Captioned web images:

┏━━

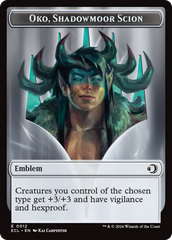 Elk // Emblem - Oko, Shadowmoor Scion Double-Sided Token [Lorwyn Eclipsed Tokens] | Chromatic Games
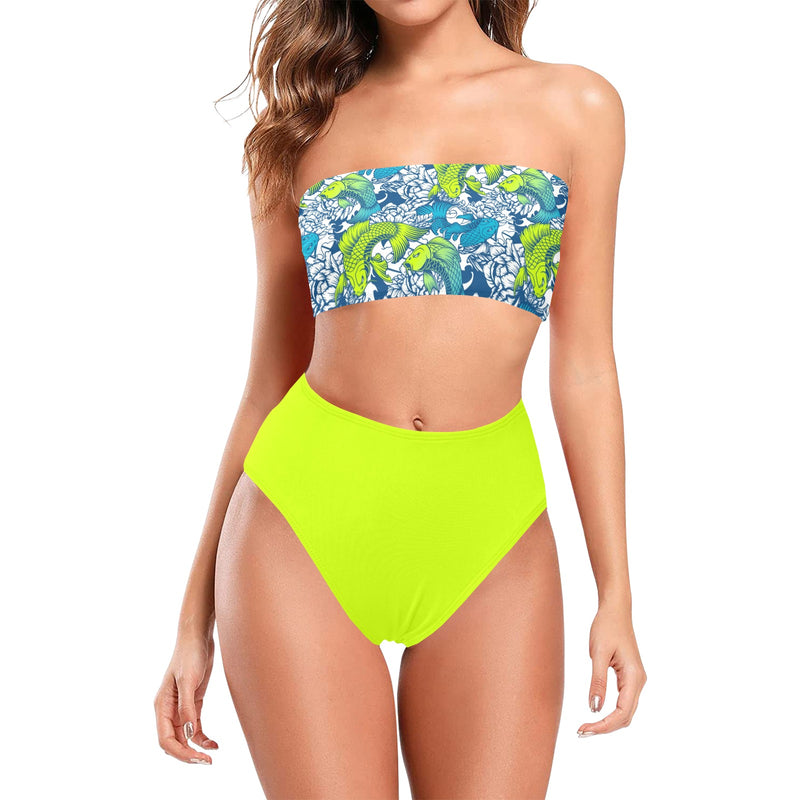 bright neon green print Chest Wrap Bikini Swimsuit (Model S36) - Objet D'Art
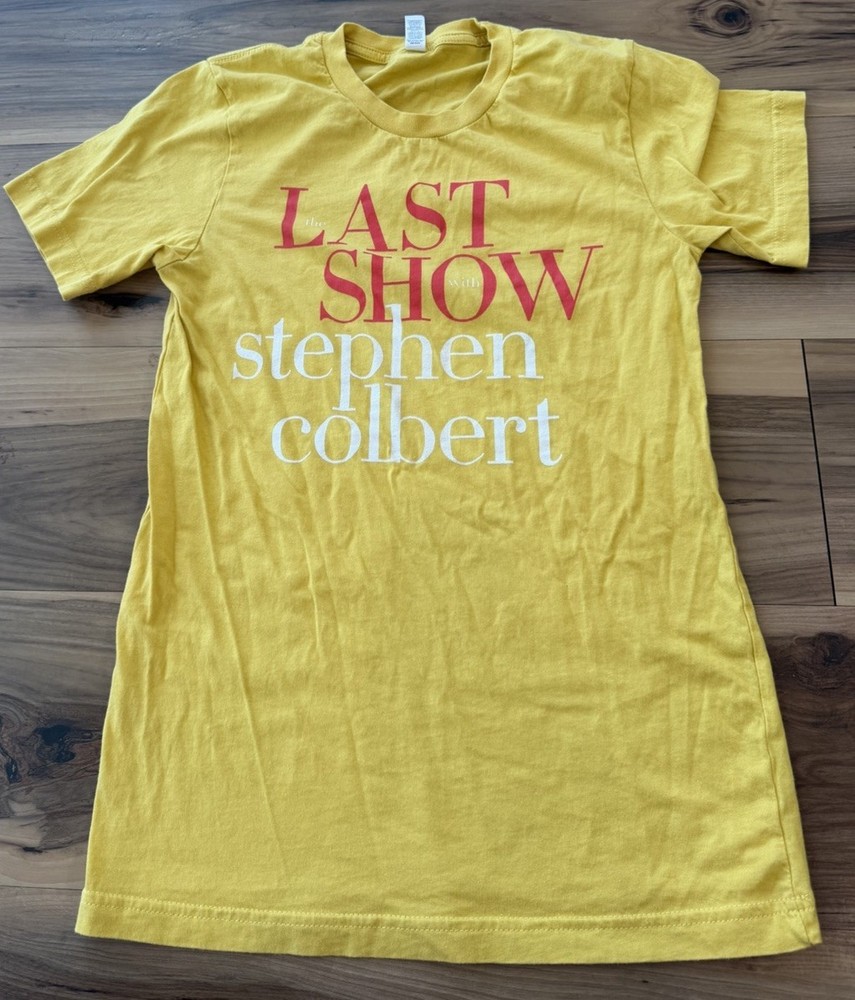 The Last Show With Stephen Colbert Yellow T-Shirt Bella Canvas Small TV Show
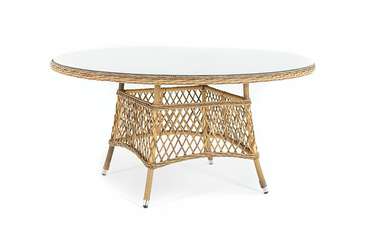 Плетенный стол Эспрессо D150 соломенного цвета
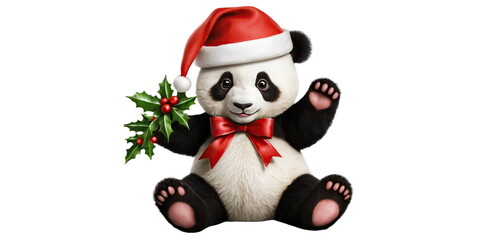 A panda bear wearing a red and white Santa hat and scarf.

┗━━

Retype the data shown above exactly, excluding any picture it contains.

 Elk // Emblem - Oko, Shadowmoor Scion Double-Sided Token [Lorwyn Eclipsed Tokens] | Chromatic Games
 bright neon green print Chest Wrap Bikini Swimsuit (Model S36) - Objet D'Art
 The Last Show With Stephen Colbert Yellow T-Shirt Bella Canvas Small TV Show
 Плетенный стол Эспрессо D150 соломенного цвета
 A panda bear wearing a red and white Santa hat and scarf.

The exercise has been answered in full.